** MATERIAL PROVIDED **
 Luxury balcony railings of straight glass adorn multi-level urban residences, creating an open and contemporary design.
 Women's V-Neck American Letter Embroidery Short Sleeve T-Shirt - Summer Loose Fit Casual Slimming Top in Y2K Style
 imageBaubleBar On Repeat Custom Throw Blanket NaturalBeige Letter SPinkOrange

* * *

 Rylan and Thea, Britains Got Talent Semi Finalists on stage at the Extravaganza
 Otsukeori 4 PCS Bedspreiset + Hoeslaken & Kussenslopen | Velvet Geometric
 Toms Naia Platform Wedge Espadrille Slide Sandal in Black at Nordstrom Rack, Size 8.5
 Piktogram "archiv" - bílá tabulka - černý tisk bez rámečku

** TASK BRIEF **
Your answer must consist of every line in the listing that contains "Letter".

** ANSWER **
 Women's V-Neck American Letter Embroidery Short Sleeve T-Shirt - Summer Loose Fit Casual Slimming Top in Y2K Style
 imageBaubleBar On Repeat Custom Throw Blanket NaturalBeige Letter SPinkOrange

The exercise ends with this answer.